The expression 1234 has type int. %s requires the argument to be a
pointer to char. Same paragraph applies.

printf("%s\n", b);

The object b has type int in the original post. Same as previous
statement.

Are these under the 'implementation defined' behavior ?

No, they are explicitly identified as undefined behavior.

 

[Barry Schwarz]

Is the first statement legitimate?

N869
6.3.2.3 Pointers

[#6] Any pointer type may be converted to an integer type.
Except as previously specified, the result is
implementation-defined. If the result cannot be represented
in the integer type, the behavior is undefined. The result
need not be in the range of values of any integer type.

Am I right that in "1" b is evaluated to
address of string literal?

No.

Then who is right, you or Ian Collins (see his answer up the thread) ?

There is no conflict between the two.

In responding to the first question, both say possibly, providing
certain conditions are satisfied. The only difference is the
terminology used.

For the second question, b is an int and therefore does not hold any
address. Only pointers hold addresses. Since the conversion from
pointer to int is implementation-defined (6.3.2.3-6), a definitive
answer can be had only in relation to a specific implementation.

 

[Malcolm McLean]

So if "int", "long" and "long long" are all going to be 64 bits, is
"short" going to be 16 or 32 bits? Or are you going to make *that* 64 bits
as well for good measure?

When did you last use a short?

It's quite rare to need such a huge number of 16 bit integers that
memory is an issue. Lots of integers never go above 30,000, of course,
but almost always it is better to use int.

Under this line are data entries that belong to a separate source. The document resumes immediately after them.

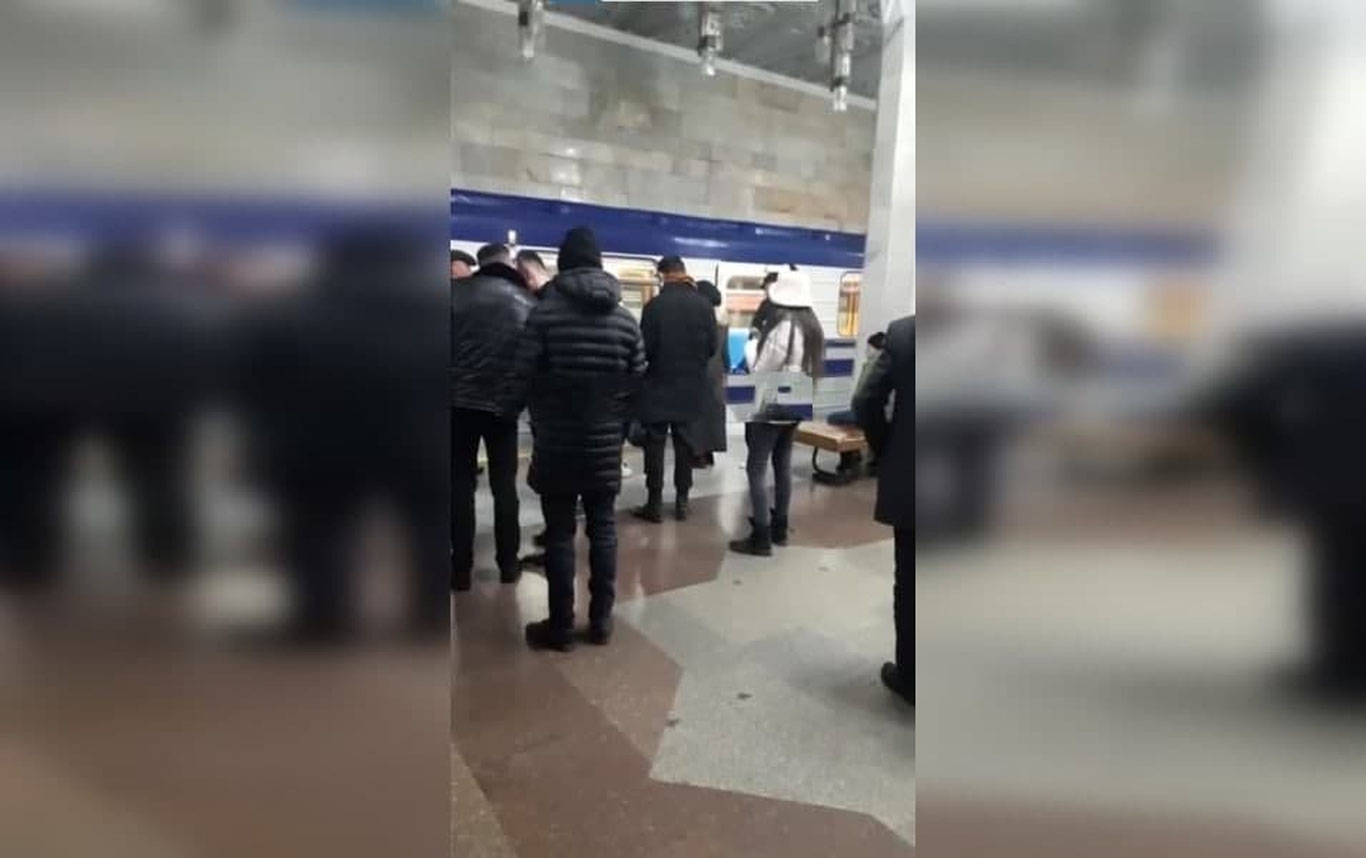 Кеча туннель ичида, бугун эса бекатда
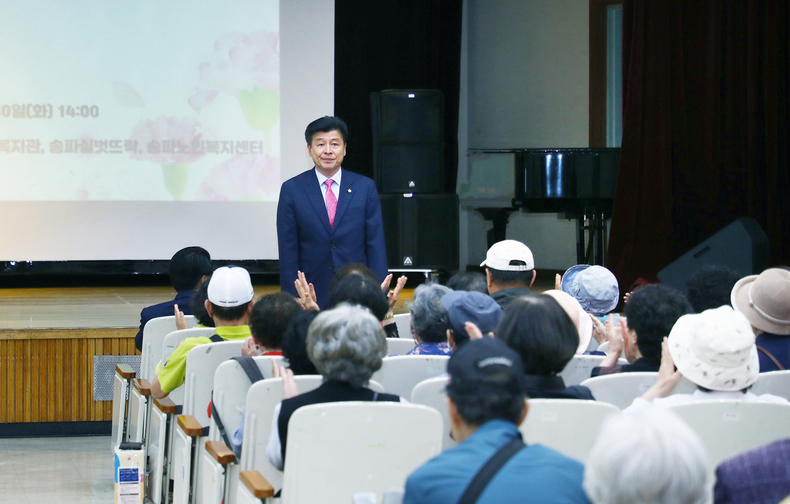 4월 30일(화) 14시 송파여성문화회관 6층 대강당에서 열린 가정의 달 맞이 ‘홀몸어르신 마음돌봄 웃음마당’ 공연에 참석했다. 1 ⓒ타임즈 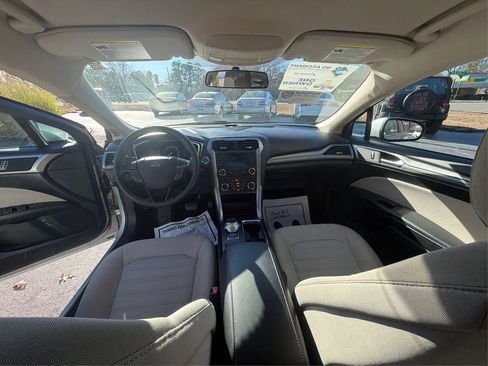 Used 2018 Ford Fusion S image 40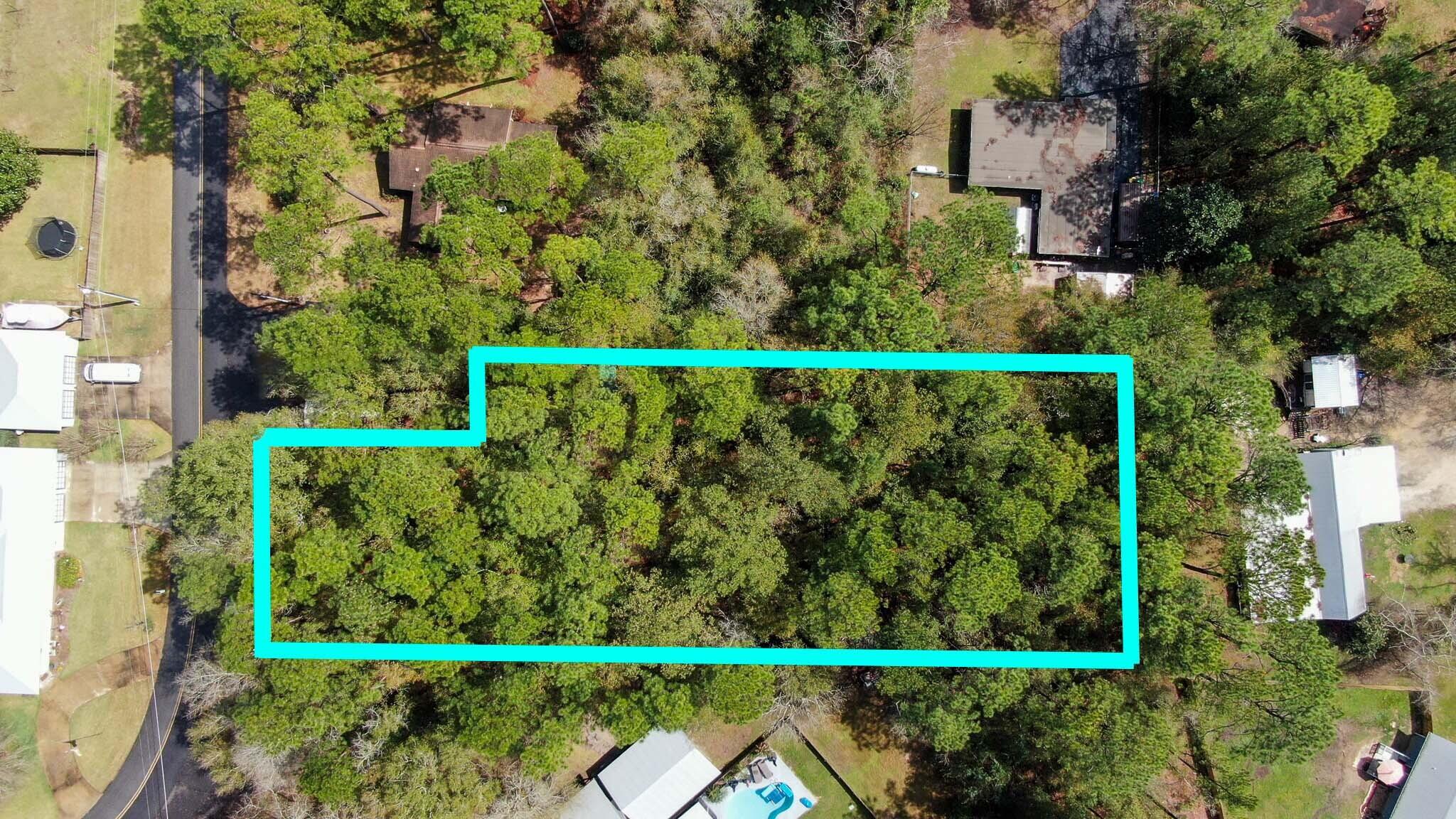 COUNTRY MANOR ESTATES - Land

A C type should be thought of as a communications protocol between
functions. The fewer protocols you have, the less likely you are to
need to write 'glue" code switching from one type to another. Most
software that fails fails because of the complexity of integrating all
the different components, not because the program no longer fits in
machine memory.

 

[Ian Collins]

When did you last use a short?

About 10 minutes ago in my case (a network port number).

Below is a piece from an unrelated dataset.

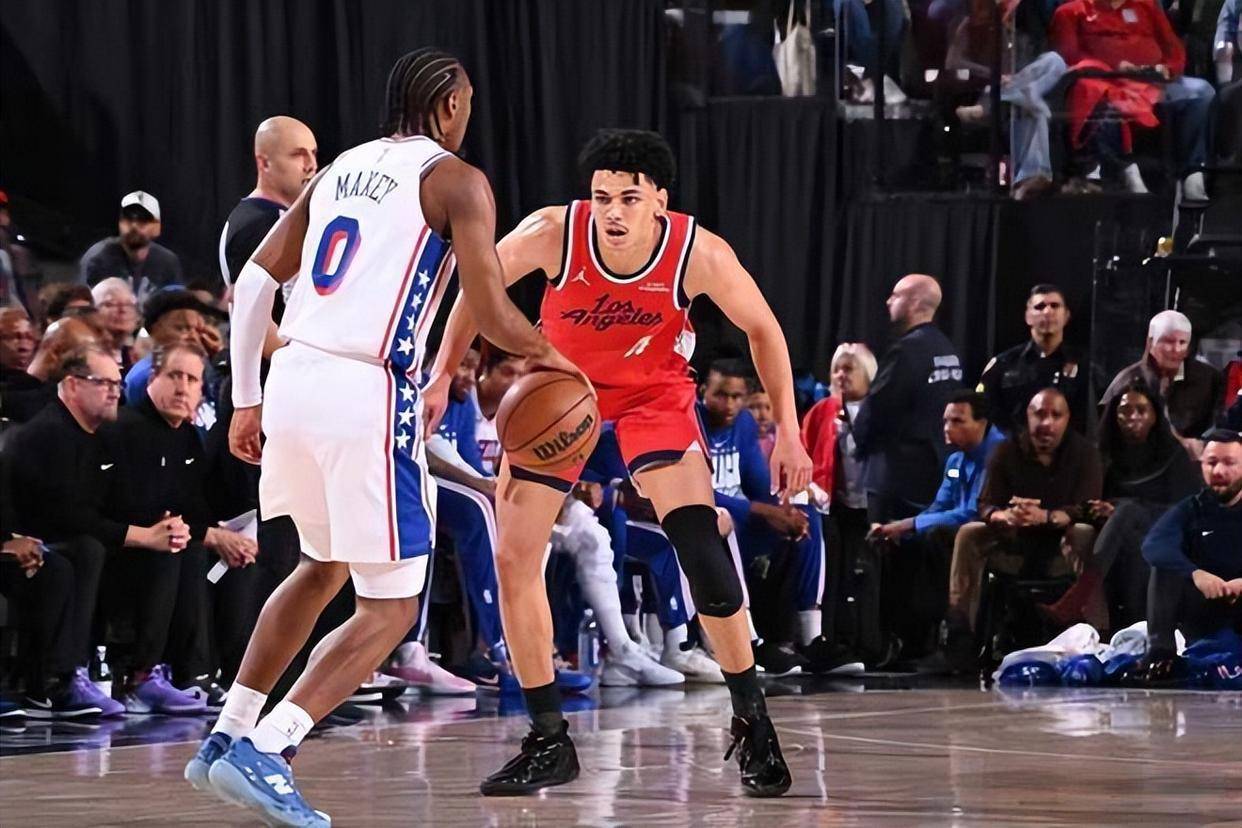 洛杉矶快船围绕欧冠强势反弹里昂今晨篮板制胜，媒体一致点评：穆雷连续三场比赛得分超过高光表现的简单介绍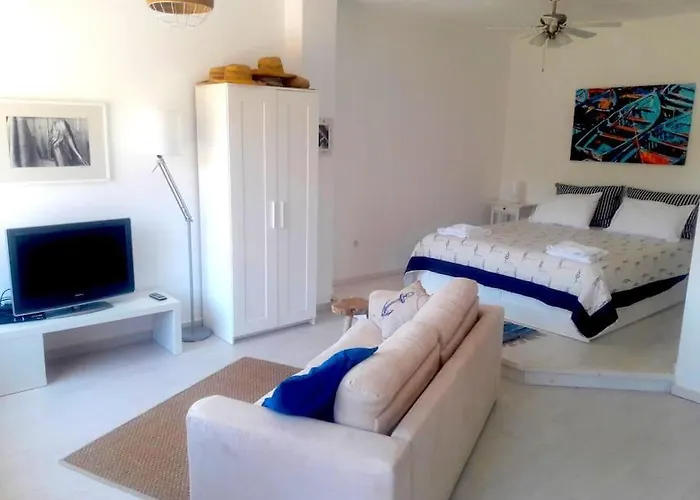 וילה Aperon - 5 Bed, 5 Bath - Kea Rent - Kastellakia Bay Koundouros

It's quite rare to need such a huge number of 16 bit integers that
memory is an issue. Lots of integers never go above 30,000, of course,
but almost always it is better to use int.

A C type should be thought of as a communications protocol between
functions. The fewer protocols you have, the less likely you are to
need to write 'glue" code switching from one type to another. Most
software that fails fails because of the complexity of integrating all
the different components, not because the program no longer fits in
machine memory.

That's why platforms have ABIs.

This 64 bit int argument has been done to death here more than once. It
is well established that 64 bit ints more often than not degrade
performance on most 64 bit systems in use today. Not to mention the
fact that 64 bit ABIs were set in stone many years ago and won't be
changing any time soon.

Perhaps you should wait for 128 bit systems and try again?

 

[Sjouke Burry]

When did you last use a short?

I even used char to store.
Example:
#define maxstars (924710)
static struct{
int x,y;
double ra;
double decl;
char col,t1,t2,t3;
int filelocation;
} s[maxstars];

 

[Nobody]

When did you last use a short?
Yesterday.

It's quite rare to need such a huge number of 16 bit integers that
memory is an issue.

Memory is always an issue. A lot of the code I write is in programs which
will end up having hundreds of concurrent instances.

 

[Ben Bacarisse]

Could you provide a snippet from the C standard sapecifying this?

6.3.2.3 p6:

"Any pointer type may be converted to an integer type. Except as
previously specified, the result is implementation-defined. If the
result cannot be represented in the integer type, the behavior is
undefined. The result need not be in the range of values of any
integer type."

and an example:

#include <stdio.h>

int main(void)
{
int x = (int)&x;
if ((int *)x != &x)
puts("Oh dear!");
return 0;
}

This prints "Oh dear!" on my system.

<snip>